Alors que pour chef-d’œuvre il y ait, il faut une complète harmonie entre toutes les composantes. Cela dit, et mon 6 décerné, je dois dire que c’est un sacré film.

Malgré leur abondance, chacun des personnages est parfaitement caractérisé et reconnaissable ; les péripéties, tout de même assez compliquées, sont si bien introduites qu’on suit l’intrigue sans aucune difficulté ; les acteurs sont éclatants de talent, des premiers rôles aux vagues silhouettes aperçues en fond d’écran.

Et les coups de cymbale interviennent au parfait moment, sans que l’œil pourtant critique et roublard du vieux spectateur expérimenté ne soit blasé ; et cet œil là est même idéalement surpris lorsque l’arrogant producteur Woltz (John Marley) découvre, à son réveil, incrédule et terrifié, son lit baigné du sang de la tête coupée de son pur sang ; lorsque l’homme de main préféré de Don Corléone, le géant Luca Brasi (Lenny Montana) se fait transpercer la main par un stylet et étrangler par un lacet d’acier ; lorsque Michael (Al Pacino), qui paraissait avoir renoncé à assassiner le trafiquant Sollozo (Al Lettieri) et le flic pourri McCluskey (Sterling Hayden) tire sur eux ; et même lorsque la ravissante Apollonia (Simonetta Stefanelli) explose avec la voiture piégée qui devait tuer Michael son mari…

Je dois pourtant dire que, lors des premières séquences, je m’étais mis à songer que le fête de mariage de la fille de Corléone était plutôt moins pittoresque et – osons l’iconoclasme ! – moins vigoureusement traitée que la célébration de la circoncision du petit-fils de Raymond Bettoun (Roger Hanin) dans Le grand pardon.

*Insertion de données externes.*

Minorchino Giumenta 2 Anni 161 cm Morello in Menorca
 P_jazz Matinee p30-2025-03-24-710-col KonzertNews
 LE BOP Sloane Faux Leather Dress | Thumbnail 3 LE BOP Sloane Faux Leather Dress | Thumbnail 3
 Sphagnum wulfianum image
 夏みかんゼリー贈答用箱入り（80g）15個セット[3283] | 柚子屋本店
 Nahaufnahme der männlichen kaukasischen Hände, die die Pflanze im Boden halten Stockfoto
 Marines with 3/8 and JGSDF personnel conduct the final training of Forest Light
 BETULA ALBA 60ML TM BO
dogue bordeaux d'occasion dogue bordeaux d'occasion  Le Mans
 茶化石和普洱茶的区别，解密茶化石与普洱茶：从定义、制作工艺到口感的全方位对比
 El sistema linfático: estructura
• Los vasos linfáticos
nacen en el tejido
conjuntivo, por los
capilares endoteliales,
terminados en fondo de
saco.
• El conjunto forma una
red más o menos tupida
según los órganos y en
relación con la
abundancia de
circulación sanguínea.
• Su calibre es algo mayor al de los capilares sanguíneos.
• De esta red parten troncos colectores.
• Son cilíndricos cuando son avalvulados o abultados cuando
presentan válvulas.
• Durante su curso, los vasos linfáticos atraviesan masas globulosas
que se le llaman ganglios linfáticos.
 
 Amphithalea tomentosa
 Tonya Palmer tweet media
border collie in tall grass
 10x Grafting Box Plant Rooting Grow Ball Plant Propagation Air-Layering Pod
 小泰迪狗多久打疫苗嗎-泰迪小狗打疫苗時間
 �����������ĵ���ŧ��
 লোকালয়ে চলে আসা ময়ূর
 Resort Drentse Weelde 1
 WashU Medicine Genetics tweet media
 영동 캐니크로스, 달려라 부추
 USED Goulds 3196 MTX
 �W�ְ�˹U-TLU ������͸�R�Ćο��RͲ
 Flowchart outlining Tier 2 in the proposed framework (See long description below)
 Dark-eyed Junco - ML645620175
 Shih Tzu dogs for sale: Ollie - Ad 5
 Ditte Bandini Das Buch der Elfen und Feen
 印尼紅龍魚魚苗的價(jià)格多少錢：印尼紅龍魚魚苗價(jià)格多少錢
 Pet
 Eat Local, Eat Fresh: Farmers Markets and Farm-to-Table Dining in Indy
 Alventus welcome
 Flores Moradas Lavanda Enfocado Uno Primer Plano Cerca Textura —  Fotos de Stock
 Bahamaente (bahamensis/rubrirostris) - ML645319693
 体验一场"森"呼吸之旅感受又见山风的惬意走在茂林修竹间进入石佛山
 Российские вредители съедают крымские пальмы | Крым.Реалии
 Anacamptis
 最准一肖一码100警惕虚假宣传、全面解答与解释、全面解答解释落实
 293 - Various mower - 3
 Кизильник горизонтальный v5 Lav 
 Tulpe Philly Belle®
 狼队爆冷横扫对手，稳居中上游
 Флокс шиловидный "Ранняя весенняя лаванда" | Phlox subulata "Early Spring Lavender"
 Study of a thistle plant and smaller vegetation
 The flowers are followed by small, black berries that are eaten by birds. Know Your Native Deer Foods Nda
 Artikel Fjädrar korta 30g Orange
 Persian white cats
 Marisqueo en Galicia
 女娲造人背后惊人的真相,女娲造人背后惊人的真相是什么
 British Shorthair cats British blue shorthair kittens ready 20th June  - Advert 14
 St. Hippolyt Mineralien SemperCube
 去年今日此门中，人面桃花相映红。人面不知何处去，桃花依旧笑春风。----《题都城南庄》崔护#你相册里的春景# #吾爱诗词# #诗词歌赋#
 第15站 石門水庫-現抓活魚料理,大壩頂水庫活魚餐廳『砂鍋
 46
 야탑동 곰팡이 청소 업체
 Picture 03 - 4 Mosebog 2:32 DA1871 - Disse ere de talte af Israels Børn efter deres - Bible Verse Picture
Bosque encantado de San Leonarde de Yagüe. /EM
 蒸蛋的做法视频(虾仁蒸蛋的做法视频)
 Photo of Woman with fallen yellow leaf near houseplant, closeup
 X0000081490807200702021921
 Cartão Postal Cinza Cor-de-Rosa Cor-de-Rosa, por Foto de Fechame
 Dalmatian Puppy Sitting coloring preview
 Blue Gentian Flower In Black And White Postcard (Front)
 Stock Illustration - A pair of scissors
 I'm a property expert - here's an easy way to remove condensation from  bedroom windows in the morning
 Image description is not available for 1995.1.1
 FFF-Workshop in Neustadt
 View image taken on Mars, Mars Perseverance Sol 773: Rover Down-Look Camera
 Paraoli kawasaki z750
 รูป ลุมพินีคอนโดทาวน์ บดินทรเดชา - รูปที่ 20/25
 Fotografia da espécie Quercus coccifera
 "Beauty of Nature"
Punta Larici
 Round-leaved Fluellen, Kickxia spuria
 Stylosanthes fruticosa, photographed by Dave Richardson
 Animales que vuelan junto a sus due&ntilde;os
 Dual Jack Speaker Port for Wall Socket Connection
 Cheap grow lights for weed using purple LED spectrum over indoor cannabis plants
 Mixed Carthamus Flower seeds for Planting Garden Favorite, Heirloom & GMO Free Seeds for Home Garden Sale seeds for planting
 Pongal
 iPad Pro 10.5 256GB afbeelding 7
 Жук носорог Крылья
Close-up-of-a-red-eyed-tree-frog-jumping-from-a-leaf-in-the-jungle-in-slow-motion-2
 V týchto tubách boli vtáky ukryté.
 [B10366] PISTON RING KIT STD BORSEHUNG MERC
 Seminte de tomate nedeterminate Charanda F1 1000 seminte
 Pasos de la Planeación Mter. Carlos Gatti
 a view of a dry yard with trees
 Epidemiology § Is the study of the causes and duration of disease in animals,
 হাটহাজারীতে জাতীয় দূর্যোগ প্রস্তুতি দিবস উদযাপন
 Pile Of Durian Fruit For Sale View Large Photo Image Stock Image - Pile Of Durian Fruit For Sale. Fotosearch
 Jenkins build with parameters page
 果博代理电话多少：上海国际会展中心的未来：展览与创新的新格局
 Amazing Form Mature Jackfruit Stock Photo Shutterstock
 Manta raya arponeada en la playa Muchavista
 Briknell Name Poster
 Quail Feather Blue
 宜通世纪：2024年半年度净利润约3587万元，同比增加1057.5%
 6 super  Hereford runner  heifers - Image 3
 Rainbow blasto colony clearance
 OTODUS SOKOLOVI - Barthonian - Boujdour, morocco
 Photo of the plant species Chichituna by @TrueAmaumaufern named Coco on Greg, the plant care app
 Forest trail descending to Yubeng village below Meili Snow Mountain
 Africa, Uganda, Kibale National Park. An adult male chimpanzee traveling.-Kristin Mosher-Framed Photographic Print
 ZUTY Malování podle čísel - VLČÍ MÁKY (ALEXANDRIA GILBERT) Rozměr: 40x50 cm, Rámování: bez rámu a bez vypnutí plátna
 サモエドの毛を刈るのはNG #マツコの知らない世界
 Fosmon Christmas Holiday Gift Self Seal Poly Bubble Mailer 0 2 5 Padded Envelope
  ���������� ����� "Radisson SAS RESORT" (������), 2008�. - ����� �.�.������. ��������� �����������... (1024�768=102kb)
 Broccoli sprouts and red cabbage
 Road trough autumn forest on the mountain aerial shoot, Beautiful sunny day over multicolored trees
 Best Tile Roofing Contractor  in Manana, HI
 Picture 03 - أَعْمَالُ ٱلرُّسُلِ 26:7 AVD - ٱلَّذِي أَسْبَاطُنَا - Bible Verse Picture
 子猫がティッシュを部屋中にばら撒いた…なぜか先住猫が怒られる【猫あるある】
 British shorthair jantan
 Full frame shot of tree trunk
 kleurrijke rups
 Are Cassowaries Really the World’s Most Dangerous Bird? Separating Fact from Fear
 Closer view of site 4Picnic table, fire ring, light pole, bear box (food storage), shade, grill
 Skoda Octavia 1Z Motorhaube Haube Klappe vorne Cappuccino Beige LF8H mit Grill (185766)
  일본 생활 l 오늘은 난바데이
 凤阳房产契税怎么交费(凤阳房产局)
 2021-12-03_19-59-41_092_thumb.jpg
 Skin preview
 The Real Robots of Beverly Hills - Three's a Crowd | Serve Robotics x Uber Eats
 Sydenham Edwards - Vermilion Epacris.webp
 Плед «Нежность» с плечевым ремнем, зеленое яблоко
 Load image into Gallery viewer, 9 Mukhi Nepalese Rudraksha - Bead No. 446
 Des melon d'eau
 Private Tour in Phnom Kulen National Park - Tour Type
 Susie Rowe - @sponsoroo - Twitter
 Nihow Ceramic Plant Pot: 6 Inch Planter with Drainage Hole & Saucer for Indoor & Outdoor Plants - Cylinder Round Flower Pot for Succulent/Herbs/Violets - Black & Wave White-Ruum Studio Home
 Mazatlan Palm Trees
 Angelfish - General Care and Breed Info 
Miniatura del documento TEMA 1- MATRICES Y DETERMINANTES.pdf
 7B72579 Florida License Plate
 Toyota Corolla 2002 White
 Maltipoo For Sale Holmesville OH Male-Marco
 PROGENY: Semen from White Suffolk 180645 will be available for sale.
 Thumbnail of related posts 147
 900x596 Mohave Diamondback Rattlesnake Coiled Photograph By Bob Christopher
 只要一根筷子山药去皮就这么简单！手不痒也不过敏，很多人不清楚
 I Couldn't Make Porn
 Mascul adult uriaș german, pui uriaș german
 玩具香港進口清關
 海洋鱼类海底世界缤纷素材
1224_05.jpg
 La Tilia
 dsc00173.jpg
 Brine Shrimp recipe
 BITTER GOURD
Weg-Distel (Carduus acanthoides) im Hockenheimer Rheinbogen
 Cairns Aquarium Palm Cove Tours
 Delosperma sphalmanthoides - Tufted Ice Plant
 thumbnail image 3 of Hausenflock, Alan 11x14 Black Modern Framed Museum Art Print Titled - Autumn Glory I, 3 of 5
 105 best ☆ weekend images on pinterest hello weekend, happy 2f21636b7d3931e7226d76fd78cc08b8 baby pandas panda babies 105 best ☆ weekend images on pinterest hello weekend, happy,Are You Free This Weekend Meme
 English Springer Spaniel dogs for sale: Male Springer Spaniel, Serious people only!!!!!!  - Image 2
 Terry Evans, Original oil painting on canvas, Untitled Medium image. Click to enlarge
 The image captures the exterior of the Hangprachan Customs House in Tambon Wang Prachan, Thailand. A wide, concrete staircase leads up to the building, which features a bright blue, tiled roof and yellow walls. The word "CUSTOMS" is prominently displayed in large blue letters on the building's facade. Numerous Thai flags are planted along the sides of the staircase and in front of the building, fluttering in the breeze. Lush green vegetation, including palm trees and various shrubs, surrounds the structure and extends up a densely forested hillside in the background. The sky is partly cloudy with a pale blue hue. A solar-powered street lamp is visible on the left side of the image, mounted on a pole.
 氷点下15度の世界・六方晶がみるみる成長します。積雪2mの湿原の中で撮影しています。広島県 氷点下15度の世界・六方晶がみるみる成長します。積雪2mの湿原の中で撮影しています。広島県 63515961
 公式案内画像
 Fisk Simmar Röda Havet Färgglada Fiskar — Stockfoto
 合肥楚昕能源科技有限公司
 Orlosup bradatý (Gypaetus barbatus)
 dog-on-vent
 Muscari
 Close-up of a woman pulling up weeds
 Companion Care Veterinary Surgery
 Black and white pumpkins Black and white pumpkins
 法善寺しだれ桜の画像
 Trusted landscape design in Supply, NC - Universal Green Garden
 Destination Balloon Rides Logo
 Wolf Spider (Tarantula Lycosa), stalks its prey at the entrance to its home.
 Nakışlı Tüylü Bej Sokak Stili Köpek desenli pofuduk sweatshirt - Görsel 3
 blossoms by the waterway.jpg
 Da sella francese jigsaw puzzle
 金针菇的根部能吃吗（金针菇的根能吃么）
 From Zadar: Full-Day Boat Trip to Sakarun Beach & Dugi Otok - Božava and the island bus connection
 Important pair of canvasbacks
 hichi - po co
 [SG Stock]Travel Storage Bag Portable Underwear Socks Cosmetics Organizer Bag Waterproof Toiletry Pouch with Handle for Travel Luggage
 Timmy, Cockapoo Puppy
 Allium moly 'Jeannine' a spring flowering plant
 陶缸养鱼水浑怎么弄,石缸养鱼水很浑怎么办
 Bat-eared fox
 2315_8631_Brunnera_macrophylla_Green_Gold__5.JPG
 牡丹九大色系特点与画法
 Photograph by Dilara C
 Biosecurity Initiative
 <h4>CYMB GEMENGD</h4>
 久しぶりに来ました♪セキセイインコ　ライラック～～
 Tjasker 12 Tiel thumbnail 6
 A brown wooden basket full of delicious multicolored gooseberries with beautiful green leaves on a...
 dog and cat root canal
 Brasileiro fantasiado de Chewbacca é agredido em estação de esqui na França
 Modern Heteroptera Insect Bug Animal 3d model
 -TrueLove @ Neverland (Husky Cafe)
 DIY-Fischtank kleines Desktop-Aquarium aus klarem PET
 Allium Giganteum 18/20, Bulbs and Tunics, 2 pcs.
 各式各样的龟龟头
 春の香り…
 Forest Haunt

Et d’ailleurs, au fil des images, je trouvais des analogies avec l’excellent film d’Alexandre Arcady, notamment dans les antagonismes – ou différences de tempérament – entre les héritiers présomptifs des patriarches, Sonny (James Caan) et Michael (Al Pacino) ici, Maurice (Richard Berry) et Roland (Gérard Darmon) là. Ou dans la présence d’un sage, conseiller pondéré à sang froid, Tom Hagen (Robert Duvall) aux Etats-Unis, Raphaël Atlan (Lucien Layani) en Europe. On pourrait même évoquer les présences vocales du crooner Johnny Fontane (Al Martino) et du ténor léger Freddy Ambrosi (Armand Mestral). Sans doute Arcady a-t-il voulu réaliser un bout d’hommage.

Mais Le Parrain part tout de même assez vite dans une autre dimension, impressionnante et inquiétante. Monde féroce de subordinations nouées où un compte exact est tenu des services rendus et où le remboursement des dettes d’honneur est exigé sans rémission possible, où le moindre soupçon de trahison est sanctionné sans délai et sans pitié, vision tribale du monde, partagé entre clans dont les alliances ne sont que provisoires et révocables sans préavis…

Monde pesant, sans espérance, sans clarté, sans gaieté. Je vais maintenant regarder la suite.